At FloSports, we make use of nested stacks in AWS. Sometimes resources need to move between stacks. To do so we need to delete the entire stack because, when doing validation on the template changes, CloudFormation will see this moved resource as existing in two stacks.

To fix this, the stack needs to be deleted; however, the stack deletion process can take anywhere from 15 minutes to a couple hours. This down time is obviously unacceptable for a production environment.

To prevent this, we create two versions of each environment. For example, we will label them something like prod1 and prod2. The prod2 version remains empty so when we need to delete the primary environment, we can deploy to the prod2 version first.

However, this presented another problem. There would be a window of time where both stacks would be active, meaning lambdas responding to SNS, SQS, scheduled, or other events would run twice if such an event came through.

There were three things we needed to do to address this issue.

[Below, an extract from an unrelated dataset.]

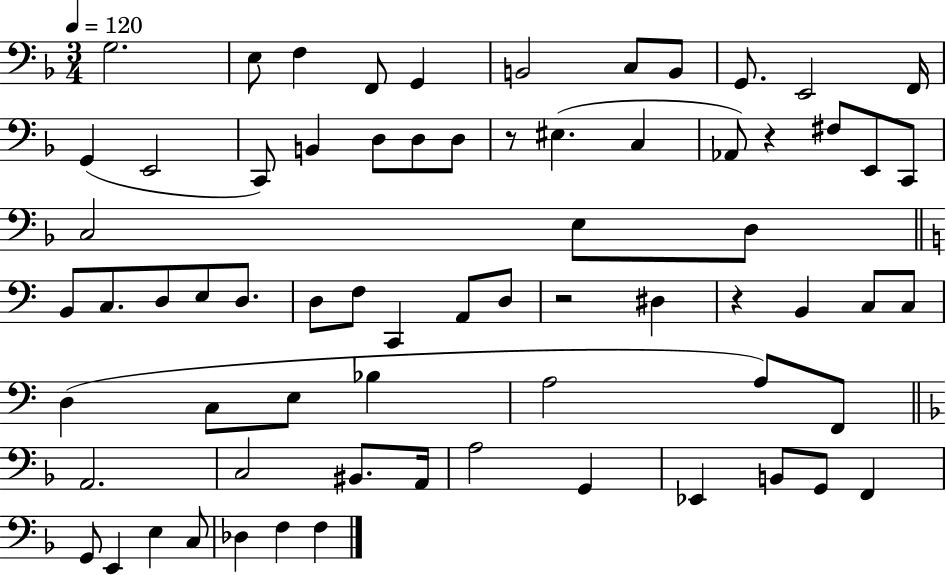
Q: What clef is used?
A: bass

  1. Ability to disable the Lambdas in one stack and enable them in the other
  2. Point the API’s domain name to the active stack/stage
  3. Ability to deploy a stack with the Lambdas disabled by default

To swap the stacks (flip which stack’s Lambdas were active or disabled), we were able to develop a script, using the AWS JavaScript SDK, to go into AWS, get each of our Lambdas, then get the policy (which holds the permissions) for each Lambda, and change that policy’s action to either “InvokeFunction” or “DisableInvokeFunction”. In this same script, after the policies are changed, we then update API Gateway to point to the correct stage (prod1 or prod2).

To accomplish disabling Lambdas by default, I wrote a small plugin for Serverless that runs at the end of the Serverless package lifecycle event (after:aws:package:finalize:mergeCustomProviderResources) and sets each Lambda’s policy action to the appropriate permission.

AWS Lambda Console, SNS triggered function

We ran into a couple gotchas. The first is the one we always seem to run into: weak AWS documentation. When in the AWS Lambda console, each function has an enabled or disabled toggle in the UI. However, this was not documented anywhere… much less how to change it programmatically.

Eventually we discovered that setting the action in the function policy to either “lambda:InvokeFunction” or “lambda:DisableInvokeFunction” is what sets that slider to enabled or disabled. To view the function policy there is an image of a key just above the highlighted SNS box in the image above, which I couldn’t capture in my screen shot. Click that box to show the policy and execution role.

Second, not all Lambda events have a function policy. Instead, functions responding to SQS, Kinesis streams, and Dynamo DB streams respond to an event source mapping. The script had to be modified to not only update these mappings, but catch any rejections for functions without a policy (A ResourceNotFoundException would be thrown when requesting a policy which did not exist). I should also note that Function Policies cannot be updated, you must delete then recreate them.

Finally, when running the policy swap script, our API calls via the JavaScript SDK would get AWS throttled. How and when would this throttle would rear its ugly head, we weren’t certain as it is not exactly documented how fast/often you can send these requests. So we set a short timeout to run after each call and if we hit the throttle, we retry after a longer timeout.